Wow, that was scary for a mo'. Somebody mentioned the dreaded "newspaper swat" and, so far, no... richard


----------



## Cosy (Feb 9, 2006)

I've seen larger dogs with large litters pick them up this way. Haven't seen them shake them though.
I've never seen a maltese mom do this. Maybe because they are so tiny there isn't really skin enough
to do it? I have seen moms I had pick a pup up that ventured away from her with her whole mouth, gently
placing the pup back in the group. She didn't pick up by the scruff of the neck though.

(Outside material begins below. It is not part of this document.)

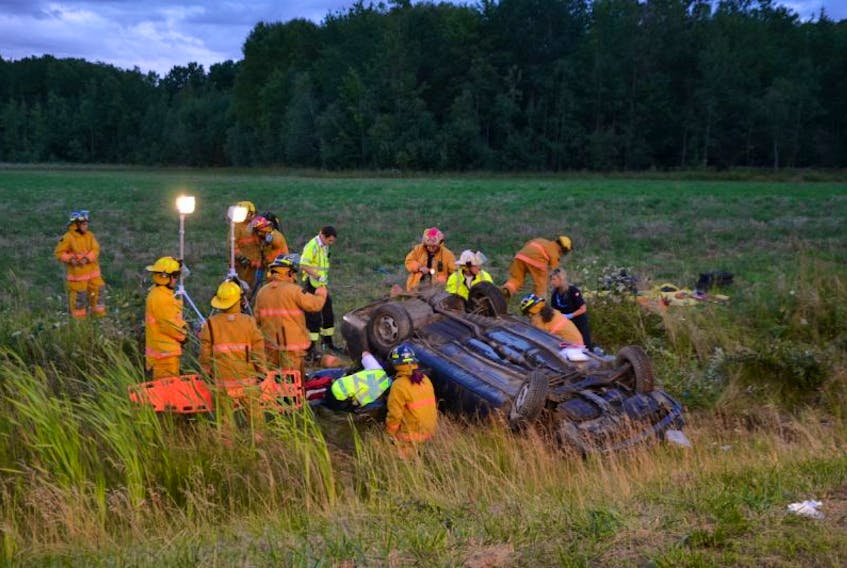Lawrencetown and Middleton firefighters work with paramedics to free a man trapped in a car that crashed in the ditch on Highway 101 a few hundred metres east of Exit 19 at Lawrencetown in Annapolis County Sunday evening. Life Flight was called to the scene but took off without the victim who was later placed in an ambulance.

I wonder if that works on a teenager? hmmm.


----------



## Deanna (Jan 14, 2005)

I have never done the scruff of the neck thing-- I don't like establishing my alpha roll with fear. I think using physical punishment and intimidation only makes one a bully.

That being said I am now the proud mommy of a 6 month old Papillon, Molly. Papillons are a lot less calm and aren't as interested in pleasing us as a Malt is. Molly has temper tantrums, doesn't listen when I give her a command (and talks back), and barks a little too much for my taste. I know all of this is normal puppy stuff- but sometimes she crosses the line from regular puppy behavior to brat! I found what works is picking her up- My hand under her belly- her legs falling naturally to the sides of my hand and just holding her there a couple of inches of the ground- and telling her (in a very calm and quiet voice) "Molly, settle down" works wonders! At first she struggled for 1 min- now within 5 seconds she stops and gets calm. When I set her feet back on the ground I praise her and then ask her to sit (currently the only command she knows well) then she gets a treat. I don't think this is a physical intimidation- I liken it more to a time out zone when a kid is out of control.


----------